Developing, vulnerable countries point fingers at rich countries, COP26 draft letter
Developing countries, including top emitters China and India, are asking for changes to the COP26 draft letter focusing more on reparations from established countries.
On Wednesday, Diego Pacheco Balanza, the head of Bolivia's delegation and spokesman for the Like-Minded Developing Countries group, along with 21 other countries released an opposition to the draft agreement.
They say it is unfair for rich countries who built their economies on fossil fuels to tell developing countries what to do without recognizing that historical responsibility.
"We will never achieve the targets they are putting forward for the entire world. So we need to fight -- the developing world -- against this carbon colonialism," Balanza said at a press conference Friday.

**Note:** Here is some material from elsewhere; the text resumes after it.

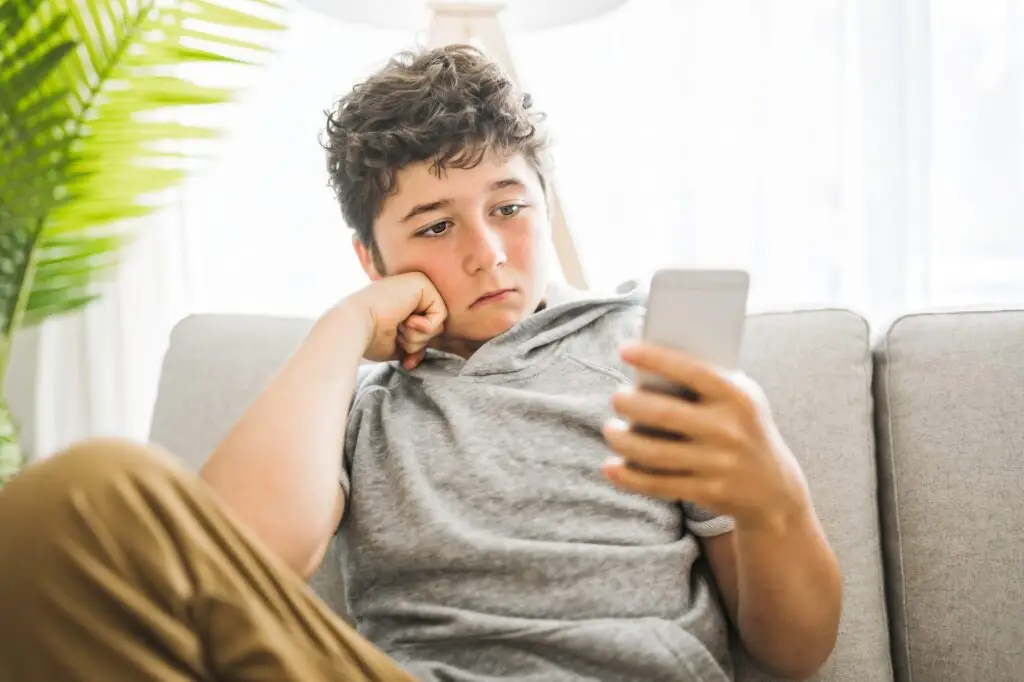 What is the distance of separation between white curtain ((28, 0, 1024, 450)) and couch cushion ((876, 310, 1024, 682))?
1.33 ft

The statement comes amid rising concerns from vulnerable countries in the Global South, which claim that COP26 isn't focusing enough on their needs.
Uganda's Vanessa Nakate emphasized that any additional global temperature warming could lead to more suffering in her country.
"A 2.4-degree [warmer] world is a death sentence for communities like mine; 1.2 degrees is already hell for us," Nakate told reporters Wednesday night.
Similarly, Elizabeth Wathuti from Kenya spoke about climate-related starvation in her country, urging leaders to keep those affected by it at the front of their minds.
"The big question is, are the leaders here going to step up to do what must be done to save those lives and livelihoods that are at stake?" Wathuti asked. "I come from Kenya where over 2 million Kenyans are facing climate-related starvation and I need answers when I go back to my communities to my country. What are we going to tell these people whose lives and livelihoods are at stake when we go back?"